In case you don’t have these scales memorized yet example 6 has them for you to review. Play through these two positions and make sure to have them fresh in your mind.

A lead is created by just taking the notes of a scale and using variations in phrasing and pattern combinations. While the rhythm is playing try to play through the scale and make variations to start creating a melody. In example 7, I have created a few examples to give you a head start, play through these over the same rhythm and you will start to get the feel for it. The audio tracks I’ve included here have the leads played by them selves slowly and at regular speed as well as played over the backing track. This is where you have to dig deep into your inner creativity…you can do it!!!!

Melody #1

Melody #2

Melody #3

Melody #4

You may be saying to yourself what the heck is this? I don’t need an eye test to play guitar, this guy is wacked! Well to get to the next level of guitar playing you have to start to have the Zen where you see the things you are going to play even before you play them.

We’re going to use a series of simple melodies from the minor pentatonic scales in “A” to start you on the way. Above in example 7 there are three melodies that you have played through and should be comfortable with. We will be using these to do exercises in visualization.

Now as you play these melodies again I want you to hum each note as you play it with a basic “la” sound. I know you may not be a lead singer so don’t worry I won’t make you howl any power screams I promise. By singing or humming your notes you will start to visualize the tones while playing them and eventually you will start to see the notes before you even play them (this is when you will be able to improvise freely).

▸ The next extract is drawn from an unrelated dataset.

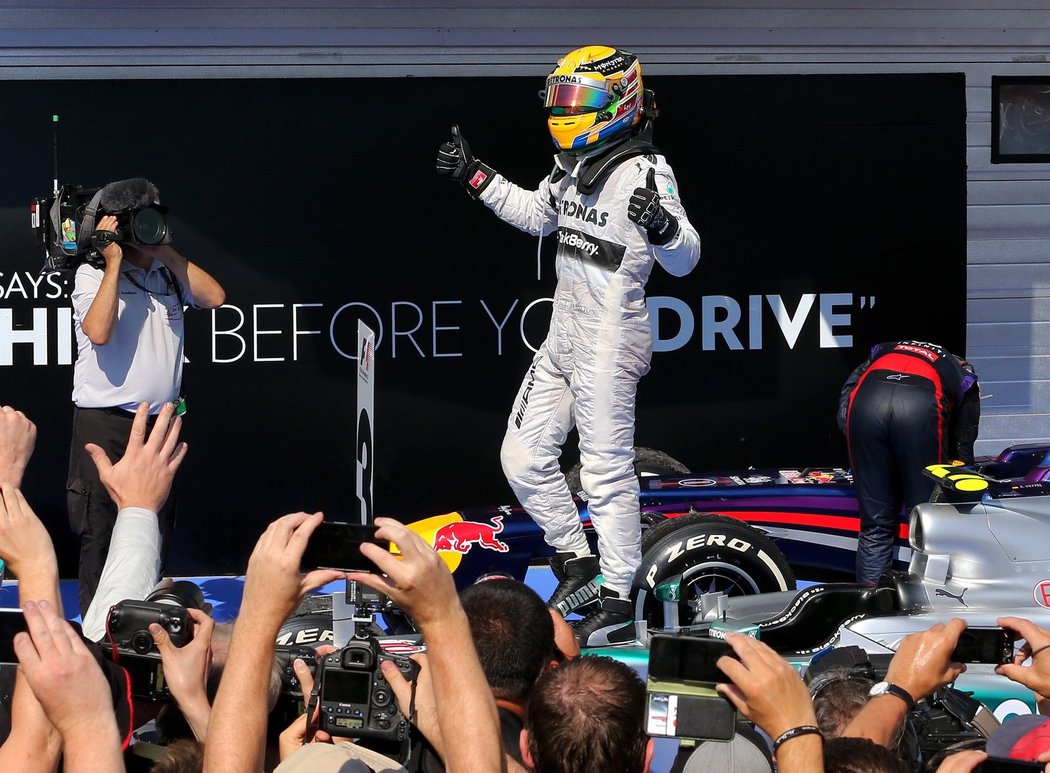 Britský pilot Lewis Hamilton si po triumfu ve Velké ceně Maďarska F1 užívá se svými fanoušky. V Maďarsku vyhrál už počtvrté, mohl by být korunován králem F1 na tomto okruhu.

The next visualization exercise is a tricky one and will require some real concentration. In example 8, I have outlined 6 notes from the first minor pentatonic scale play through these notes now and get the pitches in your mind. Next I want you to mix the notes up and play them in different patterns and while you do this hum the la’s with each note again. So you are making up patterns from the scale and humming along with each one. This may take some time and practice but after a while you will start to be right on pitch with each melody you create.

Exercises like this get you to see the notes in a perspective like you are looking at them coming at you instead of chasing after notes you have played already. May the Zen be with you!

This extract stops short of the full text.